Le merchandising Montessori et l’arnaque Céline Alvarez: la vérité sur ces pédagogies que vous croyez connaître

by seayouson

Pédagogie traditionnelle, Montessori, Freinet, Decroly… Quand vient le moment d’inscrire son enfant à l’école, on est tous un peu perdus. J’ai personnellement suivi un parcours scolaire des plus classiques: un enseignement catho, avec des bulletins, des points, des punitions et un professeur monopolisant la parole. Les élèves n’avaient droit au chapitre que lorsqu’on leur demandait de le faire. Avec le recul, il y a énormément de choses qui m’ont déplu. Mais suis-je prête pour autant à mettre le feu à ce qu’on m’a enseigné et à opter pour un enseignement radicalement différent? La réponse n’est pas forcément évidente. Je sais ce que je suis devenue suite à l’enseignement que j’ai reçu. Comment savoir ce que mon fils deviendra si je le dirige vers une pédagogie dite “nouvelle”?

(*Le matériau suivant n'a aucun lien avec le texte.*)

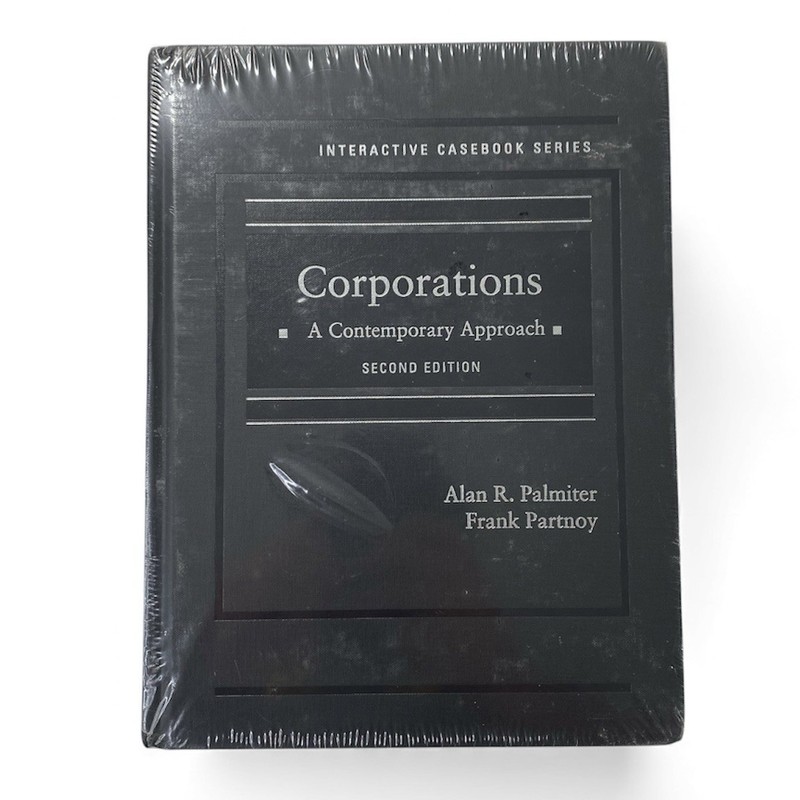 Corporations A Contemporary Approach by Alan R Palmiter New Hard Cover 2nd Edit-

Comment savoir, en fait, quelle pédagogie convient à nos enfants? Premier début de réponse: en sachant, avant tout, ce que chacune propose réellement. Le dernier livre de Bruno Humbeeck, psychopédagogue et directeur de recherche au sein du service des Sciences de la famille de l’Université de Mons, s’intéresse à la question. « Quelles pédagogies pour mon enfant? » dresse la liste des pédagogies existantes. Bruno Humbeeck les analyse, se fait un plaisir de déboulonner les statues de ceux qui en sont les dignes (ou non) représentants… Il ne se positionne pas pour l’une ou pour l’autre pédagogie, il estime qu’il y a du bon et du (parfois très) mauvais partout. Il nous aide en fait surtout à démêler le vrai du faux, à faire le tri entre les “on dit” et la vérité, et honnêtement, j’ai appris un tas de trucs. Le mieux, c’est qu’il vous explique tout ça par lui-même. Allo, Bruno?

Parlons d’abord des méthodes traditionnelles. En résumé, l’enseignant est le maître, il a le monopole de la prise de parole, il domine le groupe. L’enseignant n’est pas là pour se faire aimer. Il faut dominer, dompter, être obéi, respecté, admiré. C’est bien ça?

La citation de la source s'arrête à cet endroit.